• _Problem_: Scan the entries for the string "Detail" and give the number of lines that have it, nothing further.

Items listed in a dataset:

....

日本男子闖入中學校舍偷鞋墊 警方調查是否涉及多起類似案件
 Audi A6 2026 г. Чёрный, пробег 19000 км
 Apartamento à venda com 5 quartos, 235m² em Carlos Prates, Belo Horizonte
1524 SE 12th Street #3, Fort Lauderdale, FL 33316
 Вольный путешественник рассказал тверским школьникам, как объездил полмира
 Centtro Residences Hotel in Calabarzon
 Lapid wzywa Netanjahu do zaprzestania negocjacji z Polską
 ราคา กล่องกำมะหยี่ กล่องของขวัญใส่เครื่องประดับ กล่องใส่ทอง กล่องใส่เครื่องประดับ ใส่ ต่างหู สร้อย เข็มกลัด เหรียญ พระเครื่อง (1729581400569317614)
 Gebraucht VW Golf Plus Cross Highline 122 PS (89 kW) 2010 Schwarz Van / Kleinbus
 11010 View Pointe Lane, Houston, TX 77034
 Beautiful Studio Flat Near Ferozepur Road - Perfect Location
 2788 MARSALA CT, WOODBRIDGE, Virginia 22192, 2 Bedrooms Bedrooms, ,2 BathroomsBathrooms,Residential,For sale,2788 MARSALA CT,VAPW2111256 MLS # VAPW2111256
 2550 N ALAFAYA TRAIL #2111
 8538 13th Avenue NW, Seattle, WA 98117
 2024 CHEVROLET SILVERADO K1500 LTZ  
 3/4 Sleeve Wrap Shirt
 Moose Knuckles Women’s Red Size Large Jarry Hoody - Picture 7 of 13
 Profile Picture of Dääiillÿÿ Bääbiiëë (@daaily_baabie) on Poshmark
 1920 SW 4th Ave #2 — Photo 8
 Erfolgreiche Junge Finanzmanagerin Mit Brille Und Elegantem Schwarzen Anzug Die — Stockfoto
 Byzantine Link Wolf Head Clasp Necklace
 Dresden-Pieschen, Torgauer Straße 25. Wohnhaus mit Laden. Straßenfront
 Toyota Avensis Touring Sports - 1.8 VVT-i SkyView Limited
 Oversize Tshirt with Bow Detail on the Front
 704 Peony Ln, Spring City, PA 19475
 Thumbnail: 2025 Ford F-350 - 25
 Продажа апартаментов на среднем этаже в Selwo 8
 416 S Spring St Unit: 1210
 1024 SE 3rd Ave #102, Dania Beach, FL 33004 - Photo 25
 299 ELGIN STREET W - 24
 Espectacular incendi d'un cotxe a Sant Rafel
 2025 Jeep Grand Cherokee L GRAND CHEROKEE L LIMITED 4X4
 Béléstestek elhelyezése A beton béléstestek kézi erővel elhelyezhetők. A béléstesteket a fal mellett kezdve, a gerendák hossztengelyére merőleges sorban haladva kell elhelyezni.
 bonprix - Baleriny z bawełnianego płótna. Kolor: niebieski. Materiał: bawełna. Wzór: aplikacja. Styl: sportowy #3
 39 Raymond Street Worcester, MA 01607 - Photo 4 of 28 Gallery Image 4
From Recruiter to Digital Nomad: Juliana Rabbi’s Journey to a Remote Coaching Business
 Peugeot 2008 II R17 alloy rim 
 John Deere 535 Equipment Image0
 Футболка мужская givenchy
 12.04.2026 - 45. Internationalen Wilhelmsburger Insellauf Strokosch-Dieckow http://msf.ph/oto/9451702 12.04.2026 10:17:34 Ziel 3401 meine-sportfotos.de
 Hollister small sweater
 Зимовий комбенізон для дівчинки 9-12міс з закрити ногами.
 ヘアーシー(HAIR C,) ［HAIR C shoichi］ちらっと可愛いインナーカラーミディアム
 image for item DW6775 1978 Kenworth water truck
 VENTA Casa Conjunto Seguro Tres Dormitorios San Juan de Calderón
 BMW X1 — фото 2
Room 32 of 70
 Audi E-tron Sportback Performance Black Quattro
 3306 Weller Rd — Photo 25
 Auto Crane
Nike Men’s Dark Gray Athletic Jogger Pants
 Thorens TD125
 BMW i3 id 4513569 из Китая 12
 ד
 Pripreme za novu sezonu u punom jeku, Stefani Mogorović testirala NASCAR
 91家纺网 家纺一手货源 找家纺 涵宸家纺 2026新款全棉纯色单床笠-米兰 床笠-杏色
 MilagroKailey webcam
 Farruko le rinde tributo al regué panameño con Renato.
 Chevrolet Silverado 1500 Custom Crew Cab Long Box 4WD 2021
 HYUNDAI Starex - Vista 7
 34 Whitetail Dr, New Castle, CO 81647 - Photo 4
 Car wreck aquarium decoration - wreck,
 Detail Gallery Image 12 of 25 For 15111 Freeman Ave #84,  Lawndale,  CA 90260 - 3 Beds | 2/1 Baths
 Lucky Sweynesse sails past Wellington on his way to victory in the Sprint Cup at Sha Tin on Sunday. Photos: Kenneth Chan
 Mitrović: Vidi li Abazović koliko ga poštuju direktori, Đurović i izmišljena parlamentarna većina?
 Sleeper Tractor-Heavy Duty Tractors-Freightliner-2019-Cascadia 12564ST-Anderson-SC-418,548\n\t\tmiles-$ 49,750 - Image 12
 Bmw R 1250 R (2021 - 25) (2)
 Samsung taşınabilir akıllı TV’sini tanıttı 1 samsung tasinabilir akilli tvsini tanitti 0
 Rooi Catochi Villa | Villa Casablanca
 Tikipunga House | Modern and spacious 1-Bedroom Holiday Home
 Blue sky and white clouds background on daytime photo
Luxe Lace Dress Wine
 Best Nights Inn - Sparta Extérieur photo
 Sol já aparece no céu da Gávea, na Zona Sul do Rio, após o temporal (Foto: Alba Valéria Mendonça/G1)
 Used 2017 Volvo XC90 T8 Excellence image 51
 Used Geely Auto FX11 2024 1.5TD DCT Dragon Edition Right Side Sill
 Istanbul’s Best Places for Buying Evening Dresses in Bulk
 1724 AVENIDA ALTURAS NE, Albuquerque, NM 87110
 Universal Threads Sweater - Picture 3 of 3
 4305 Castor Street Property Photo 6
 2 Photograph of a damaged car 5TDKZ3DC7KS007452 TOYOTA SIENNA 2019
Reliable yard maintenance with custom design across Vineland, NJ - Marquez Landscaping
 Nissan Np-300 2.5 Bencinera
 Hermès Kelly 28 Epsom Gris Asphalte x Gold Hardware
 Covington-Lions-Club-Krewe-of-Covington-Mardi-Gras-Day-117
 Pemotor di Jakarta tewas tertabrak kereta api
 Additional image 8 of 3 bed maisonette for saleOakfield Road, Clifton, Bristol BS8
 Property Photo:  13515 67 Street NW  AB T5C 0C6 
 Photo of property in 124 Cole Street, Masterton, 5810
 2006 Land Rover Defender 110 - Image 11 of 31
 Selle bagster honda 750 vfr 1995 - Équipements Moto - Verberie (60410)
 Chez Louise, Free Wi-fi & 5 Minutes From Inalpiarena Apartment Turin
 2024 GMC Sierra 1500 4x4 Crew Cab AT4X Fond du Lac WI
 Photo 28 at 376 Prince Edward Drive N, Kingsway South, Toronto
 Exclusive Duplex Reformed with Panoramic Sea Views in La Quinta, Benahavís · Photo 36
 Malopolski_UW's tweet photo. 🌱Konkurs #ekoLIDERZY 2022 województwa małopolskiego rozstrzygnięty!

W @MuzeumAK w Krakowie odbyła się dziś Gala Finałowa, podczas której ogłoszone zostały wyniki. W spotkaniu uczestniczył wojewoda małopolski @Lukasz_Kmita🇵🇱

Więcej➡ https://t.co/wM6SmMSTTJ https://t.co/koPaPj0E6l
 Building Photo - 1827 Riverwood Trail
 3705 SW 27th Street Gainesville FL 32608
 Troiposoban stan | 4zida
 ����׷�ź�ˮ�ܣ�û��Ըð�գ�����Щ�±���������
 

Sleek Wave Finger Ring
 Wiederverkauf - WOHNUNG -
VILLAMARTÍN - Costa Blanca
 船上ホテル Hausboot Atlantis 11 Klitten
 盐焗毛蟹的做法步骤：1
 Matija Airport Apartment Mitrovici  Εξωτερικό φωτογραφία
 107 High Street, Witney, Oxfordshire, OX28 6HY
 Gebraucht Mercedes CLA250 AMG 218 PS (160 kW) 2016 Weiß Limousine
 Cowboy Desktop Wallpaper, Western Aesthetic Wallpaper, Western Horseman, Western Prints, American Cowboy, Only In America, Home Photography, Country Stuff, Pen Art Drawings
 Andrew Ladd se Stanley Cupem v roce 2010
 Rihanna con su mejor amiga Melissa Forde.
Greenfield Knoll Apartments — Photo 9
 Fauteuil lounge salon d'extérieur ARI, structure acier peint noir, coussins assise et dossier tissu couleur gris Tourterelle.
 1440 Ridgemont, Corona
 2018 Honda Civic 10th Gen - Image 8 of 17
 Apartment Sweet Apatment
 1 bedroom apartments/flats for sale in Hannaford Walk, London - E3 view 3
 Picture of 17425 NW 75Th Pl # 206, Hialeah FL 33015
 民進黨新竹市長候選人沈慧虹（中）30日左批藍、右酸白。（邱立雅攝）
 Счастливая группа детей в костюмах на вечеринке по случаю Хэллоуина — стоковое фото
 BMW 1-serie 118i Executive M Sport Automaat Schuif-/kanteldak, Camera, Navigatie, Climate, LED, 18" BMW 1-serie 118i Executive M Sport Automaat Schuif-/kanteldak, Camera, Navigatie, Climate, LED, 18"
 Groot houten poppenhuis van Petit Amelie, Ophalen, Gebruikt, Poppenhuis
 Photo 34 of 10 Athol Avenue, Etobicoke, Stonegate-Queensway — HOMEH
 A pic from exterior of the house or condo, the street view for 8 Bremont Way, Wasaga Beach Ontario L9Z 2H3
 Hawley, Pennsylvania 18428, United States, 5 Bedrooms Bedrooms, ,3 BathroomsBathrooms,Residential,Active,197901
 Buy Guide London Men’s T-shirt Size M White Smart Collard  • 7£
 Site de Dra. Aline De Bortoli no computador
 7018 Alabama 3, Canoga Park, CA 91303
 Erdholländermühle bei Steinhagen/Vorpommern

....

• _Expected output_: 2